REQUIREMENT: All of the records below are to be output exactly; no image belongs in the result.

Stored data entries:

----------------------------------------

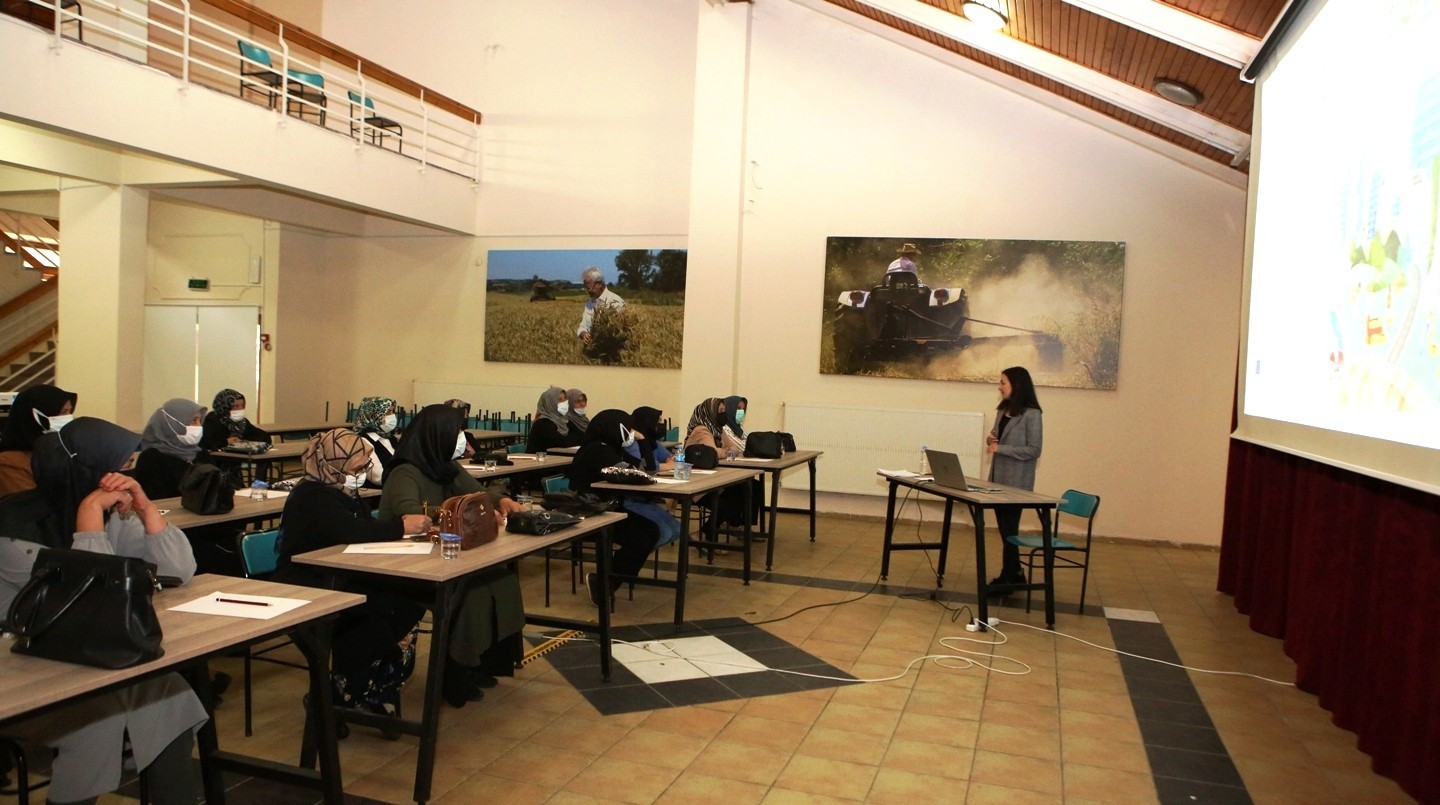 Çiftçi Evinde Kadın Derneklerine Hijyen Eğitimi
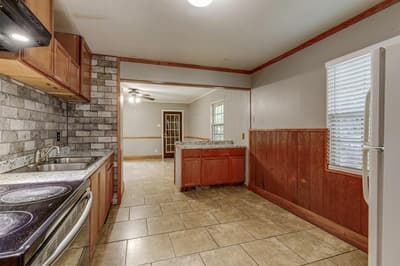 8710 Cardella Avenue, Dallas TX 75217 - Photo 4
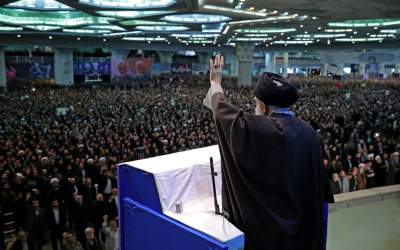 فیلم اقامه نماز بر پیکر رهبرشهید توسط آیت‌الله سبحانی  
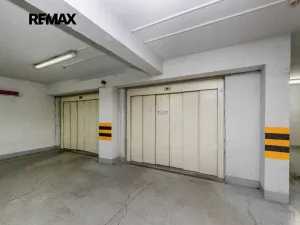 Prodej garážového stání, Praha - Břevnov, Rejchova, 12 m2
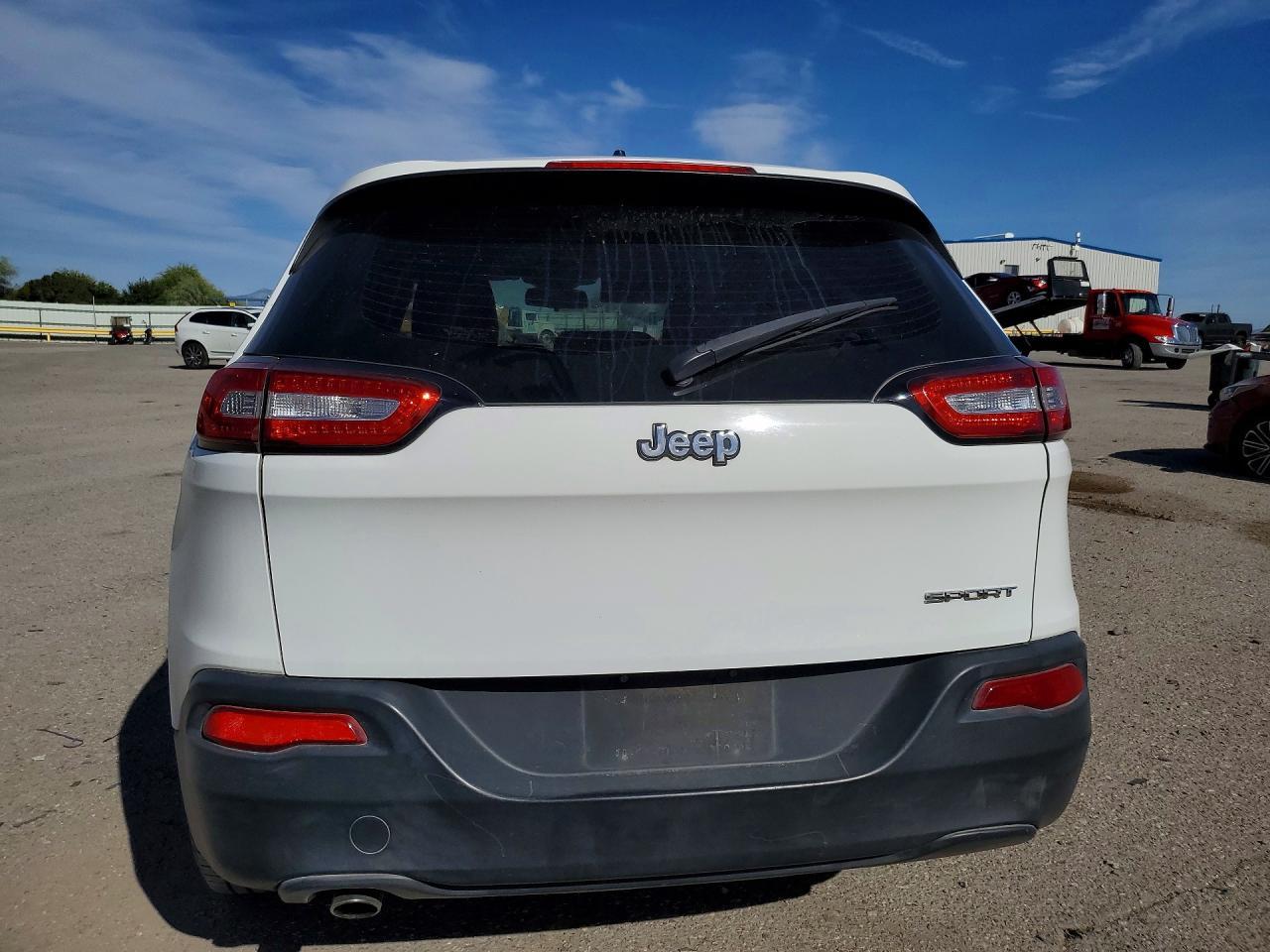 2016 Jeep Cherokee Sport - Image 6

----------------------------------------

RESULT FOR THIS EXERCISE:
 Çiftçi Evinde Kadın Derneklerine Hijyen Eğitimi
 8710 Cardella Avenue, Dallas TX 75217 - Photo 4
 فیلم اقامه نماز بر پیکر رهبرشهید توسط آیت‌الله سبحانی  
 Prodej garážového stání, Praha - Břevnov, Rejchova, 12 m2
 2016 Jeep Cherokee Sport - Image 6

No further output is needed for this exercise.